The Trump administration may have abandoned its official efforts to insert a citizenship question into the 2020 U.S. census, but that doesn't mean the effects of those efforts aren't continuing. About a quarter of a million households are being asked that question, for every member of the household, as part of a "test" census form sent out to nearly half a million households.
It's not quite as hinky as it might at first seem. This is the test that was supposed to be done in order to gauge how the question would affect census responses, but that Trump administration officials wanted to ignore in their efforts to get the question on the 2020 census in time for census deadlines. The Census Bureau's experts believed that asking the question would result in fewer households returning the census at all, fearing that their answers would be used to target any noncitizen members of their families or simply as a reaction to the heightened suspicion that census probing was being used as a tool for law enforcement rather than for data collection. That would skew the census, perhaps heavily, in favor of white communities and white districts at the expense of those with more immigrants. This test will allow researchers to quantify that effect.
It is not without risks, however, Even though the form being sent out now is only a test version, it is still likely to raise the same suspicions—and it may not be clear to every household that it is, in fact, just a test. Recipients of the test version may be more suspicious of returning the real census forms later on, even if the same question no longer appears on them.

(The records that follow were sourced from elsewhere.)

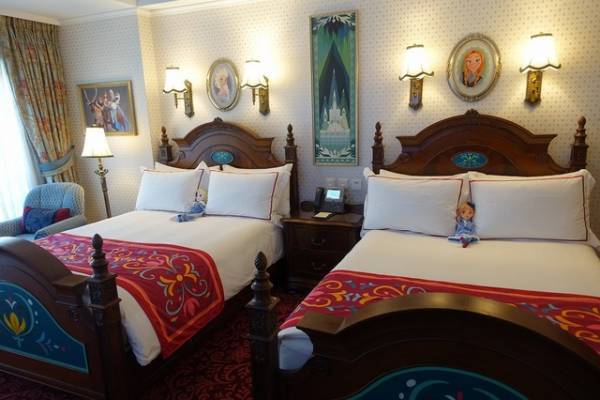 【香港ディズニー】アナ雪の世界観を完全再現！新登場のスイートに潜入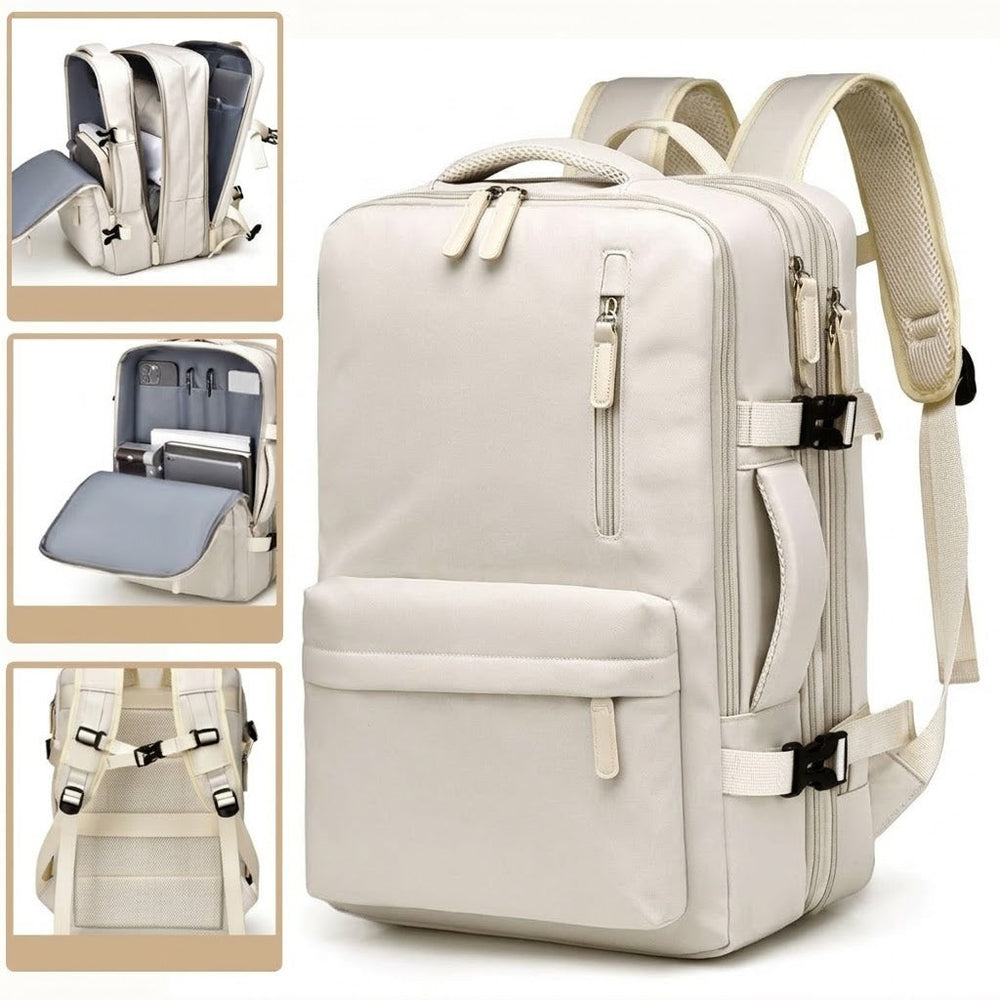 Icone™ TravelPack: Groot, Duurzaam en Waterdicht Reizen Rugzak
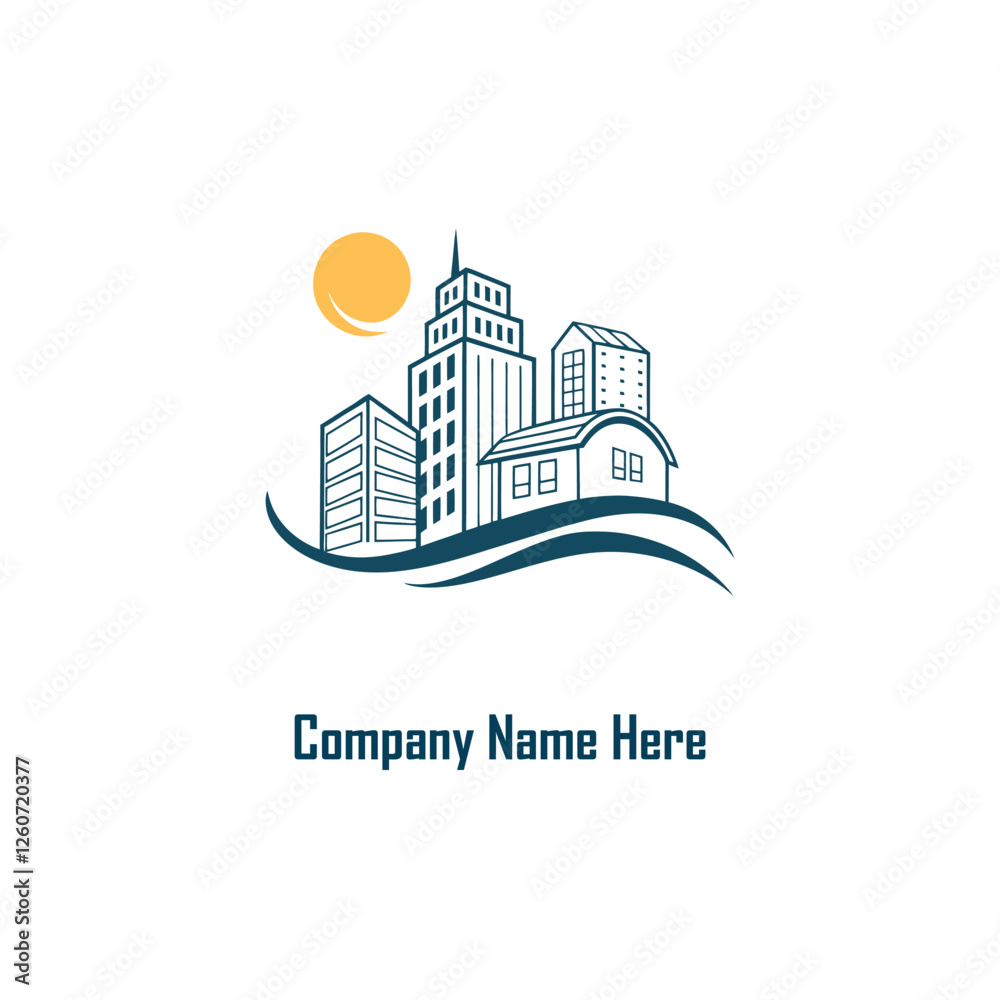 Naklejka premium Real Estate logo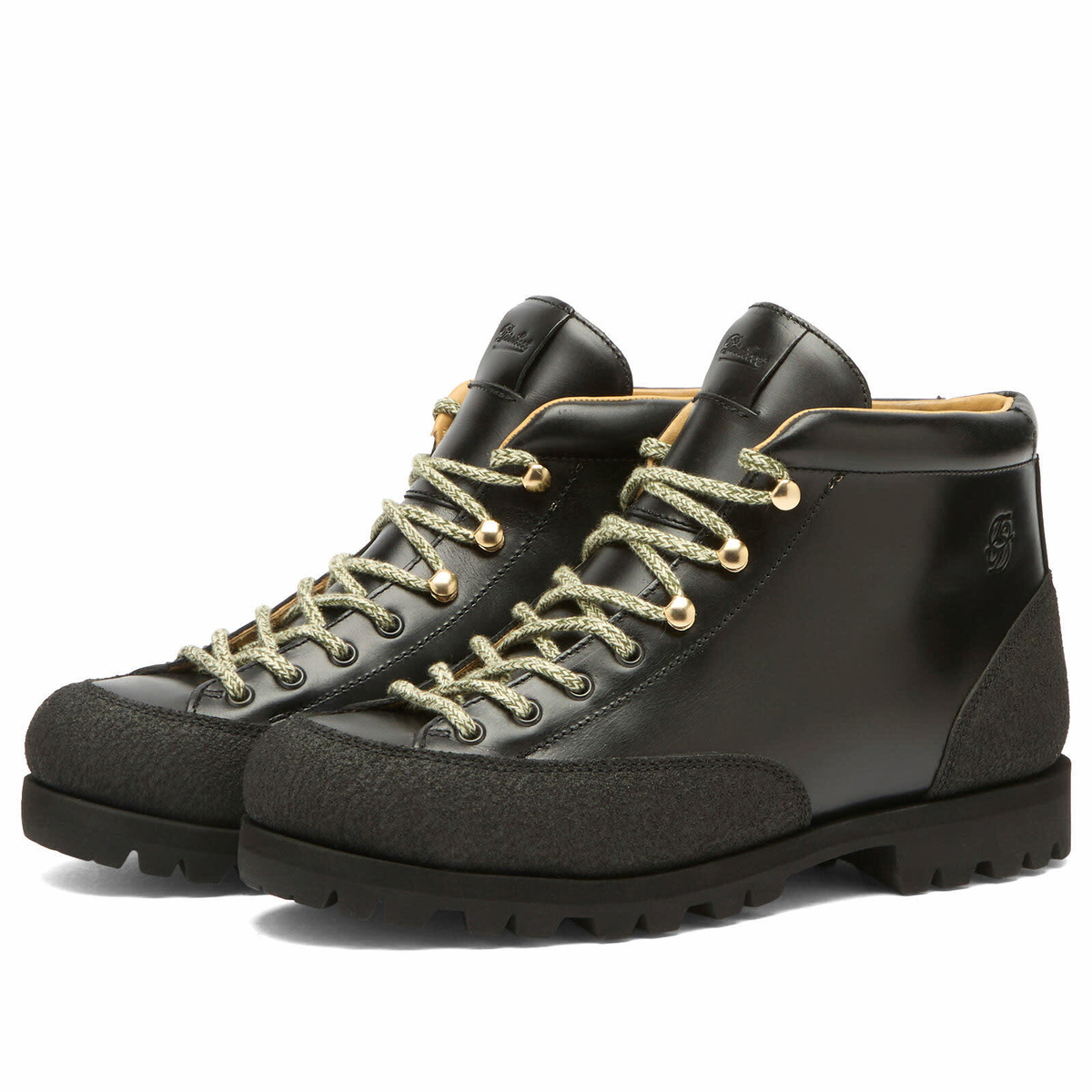 Drôle de Monsieur Men's x Paraboot Yosemite Leather Boot in Black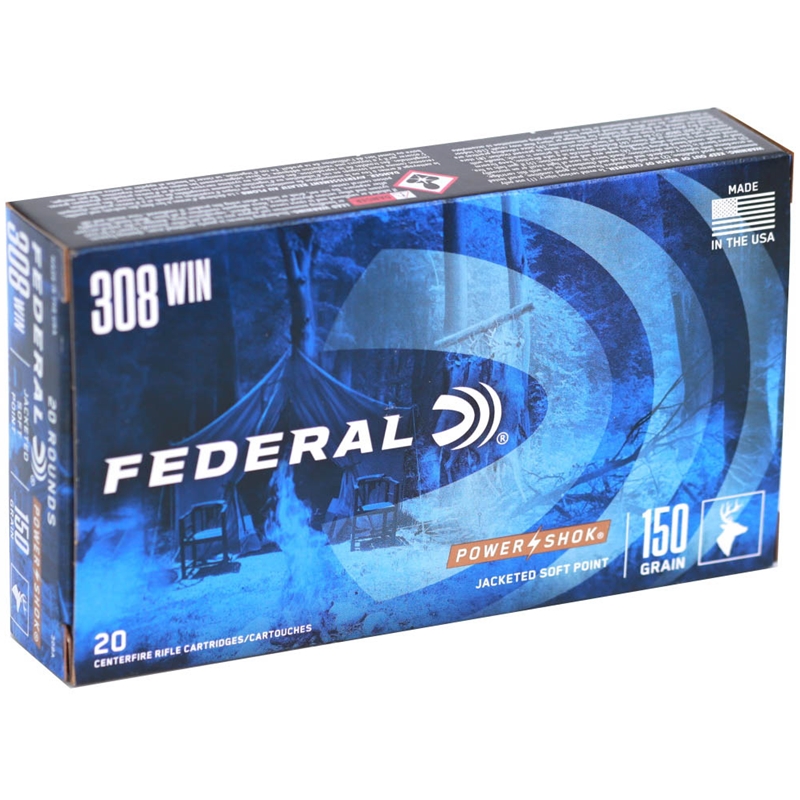 eral Power-Shok 308 Winchester 150 Grain Soft Point Box Of 20 Ammo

In the meantime, the Trump administration is continuing to be Official Assholes about the census efforts in general, and is evidently still devoted to using whatever citizenship data it can collect for a post-census reapportioning of federal power more heavily toward predominantly white communities. Rep. Ayanna Pressley asked Census Bureau director Steven Dillingham, during a Wednesday House Oversight subcommittee hearing, to clarify details of Donald Trump's executive order demanding that each federal agency assemble its existing citizenship data and send it on so that a government-wide data set could be crafted.
Specifically, she asked whether the data being collected would be specific enough that it could be used as the basis for Electoral College and House of Representatives reapportionment among states (of the sort that anti-immigration Republican strategists are demanding) and whether the Census Bureau, which he runs, would be handing the collected citizenship data over to assist states in doing their own post-census, citizen-filtered redistricting.
He couldn't answer those questions, which, as you can imagine, did not satisfy Pressley. "Let me get back to you on that," he promised. He's now been given 10 days to do so, so expect to hear more on this in nine days and 16 hours or so.
The Trump administration—or more accurately, the Republican Party as a whole—is still determined to do its damage on this one. It is taking every available avenue to boost its newly energized, white nationalism-infused agenda.